2024-09-02 02:25:29.165327: I tensorflow_serving/model_servers/server.cc:444] Exporting HTTP/REST API at: localhost:8501 ... 2024-09-02 02:25:35.124627: I external/org_tensorflow/tensorflow/core/framework/local_rendezvous.cc:404] Local rendezvous is aborting with status: FAILED_PRECONDITION: Could not find variable test_4/embeddings. This could mean that the variable has been deleted. In TF1, it can also mean the variable is uninitialized. Debug info: container=localhost, status error message=Resource localhost/test_4/embeddings/N10tensorflow3VarE does not exist. [[{{function_node __inference_serving_5353}}{{node embedding_4_1/GatherV2/ReadVariableOp}}]] 2024-09-02 02:25:35.125551: I external/org_tensorflow/tensorflow/core/framework/local_rendezvous.cc:404] Local rendezvous is aborting with status: ABORTED: Stopping remaining executors.

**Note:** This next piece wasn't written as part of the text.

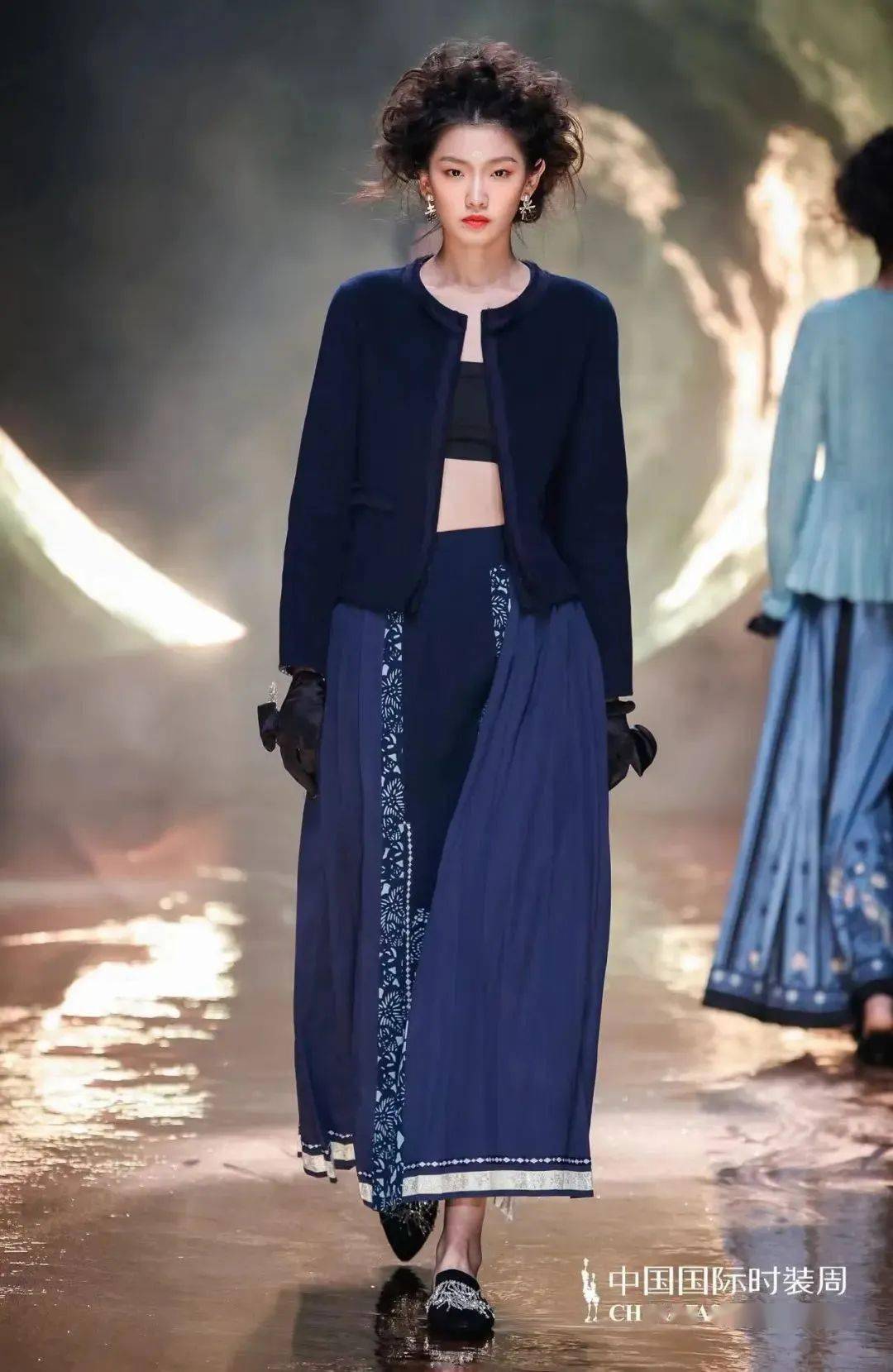 2024春夏中国国际时装周|北服表演助阵「生活在左·林栖」品牌发布大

la-serene commented 3 weeks ago

I encountered a similar problem while working on another project. The issue is fixed when I use ExportArchive class to save model and add model weight to the ExportArchive instance.

export_archive = ExportArchive()
export_archive.track(model)
export_archive.add_endpoint(
    "translate",
    model.translate
)
export_archive.add_variable_collection("my_vars", model.weights)
export_archive.write_out("nmt")

I haven't working on this issue yet, but I suppose the solution is the same. However, I still couldn't figure out why model weights was not loaded by saving as tf.saved_model.save(t, "test", signatures={'serving_default': t.serving}) even though they could be inspected by reloading.